Essay tips and tricks for Arts Degrees
I am a second-year English student, and at the beginning of this year, my department cancelled all exams for the sake of clarity.
These exams were replaced by coursework, generally in essay form.
This means, for most of my cohort, we saw an increase in the number of essays we have to submit through Tabula.
Whether or not coursework suits you, here are some tricks I have picked up along the way to make those numerous deadlines seem slightly less scary.
Most people find referencing an arduous task, leaving a day or two after the completion of their essay to go through their referencing.
If you weren’t already aware, Microsoft Word has a handy referencing feature that allows you to reference as you go.
This saves you so much time in the long run, and means you never have to trawl through an essay at the end again, scanning for your reference points!
Simply go to the Word taskbar, go to references, and insert citation.
Before you do this, ensure that you have set the referencing ‘style’ (a button right next to ‘insert citation’).
The English department recommends MLA, but this may vary depending on your course.
Then, proceed to fill in the citation, with all of the information relevant, including the ‘Type of Source’.
This reference is then saved, and you can insert it quickly whenever needed!

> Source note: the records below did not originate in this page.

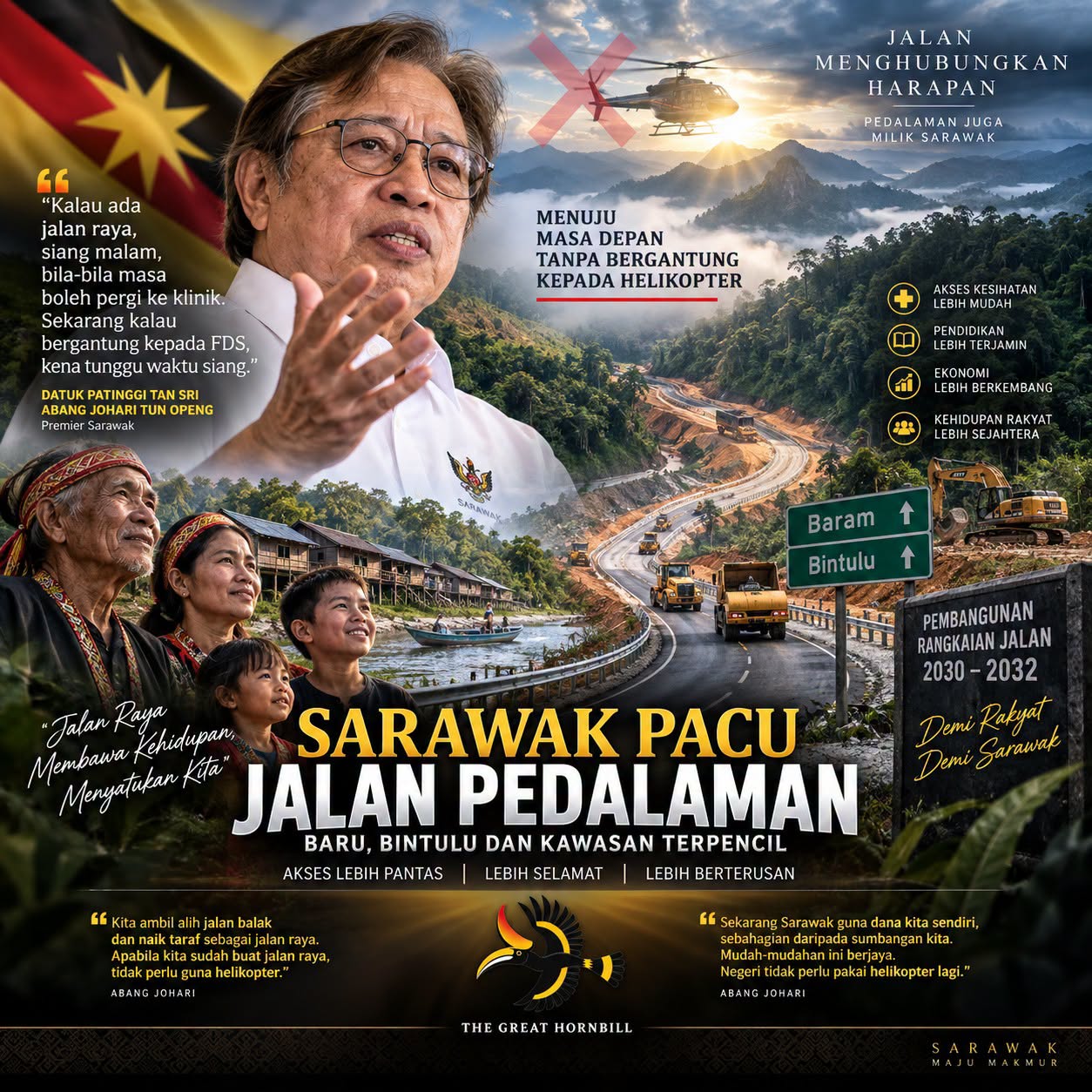Sarawak Pacu Jalan Pedalaman, Abang Johari Mahu Rakyat Tidak Lagi Bergantung Kepada Helikopter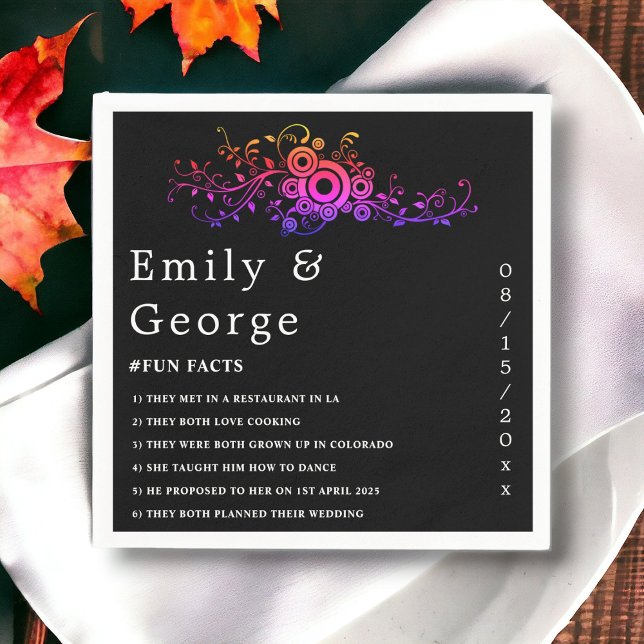 Elegante Schwarz-Weiß-Neon-Foliage-Hochzeit im Her Serviette (Von Creator hochgeladen)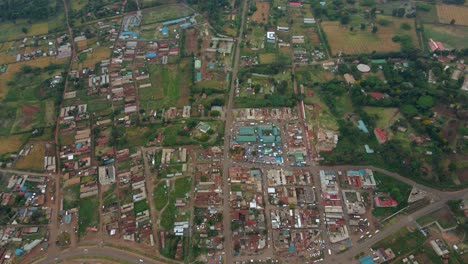 aerial view over a market in a african village - top down, drone shot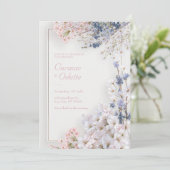 Roze Sakura Romantische Minimalistische Frame Trou Kaart (Staand voorkant)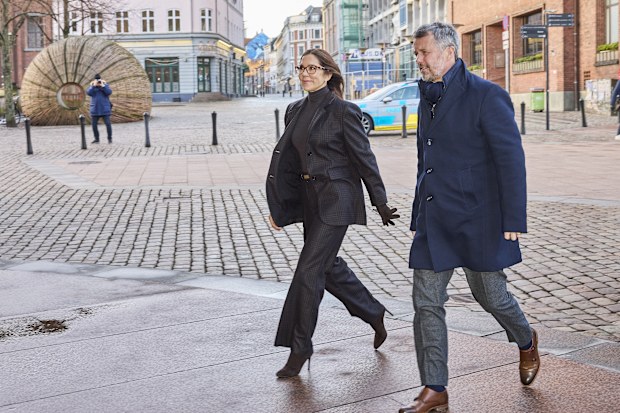 Denmark's Crown Prince Frederik and Crown Princess Mary arrive for High Mass on Christmas Day in Aarhus Cathedral, Denmark, Monday Dec. 25, 2023. (Mikkel Berg Pedersen/Ritzau Scanpix via AP)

Simply remember to click Bibliography, then insert a built-in bibliography when you are finished.
This saves so much time and means you can use less brain power remembering where your references come from, and more focussing on your essay!
Exporting your essay
My degree has changed slightly now that I am in my second year.
There is much more room for creativity in my assignments, often in the form of portfolio submissions or practical projects.
The essays related to this may sometimes include photos, diagrams, or charts.
Due to this, it is best to export my document as a PDF.
This means that the formatting will be the same for me and the marker, and you do not run the risk of the images distrupting your text.
In my experience, using short quotes is by far the best option in any essay.
It can be tempting to use longer quotes.
You might consider it a cheeky way to stretch your word count, or you might want to do it to make your life easier in terms of analysis.
Unfortunately, the marker tends to consider you lazy on this basis!
Including a short, well-selected quote simply looks better than having a clunky paragraph in your essay,.
A marker is inclinded to think that you have put much more effort in (even if you haven’t!)
Whilst it is tempting for the word count, save yourself the marks and put two or three short quotes rather than one long one.
I have done this in my own essays, and I can safely say that essays I have worked harder on but included lengthy quotes generally do worse than those I am selective about!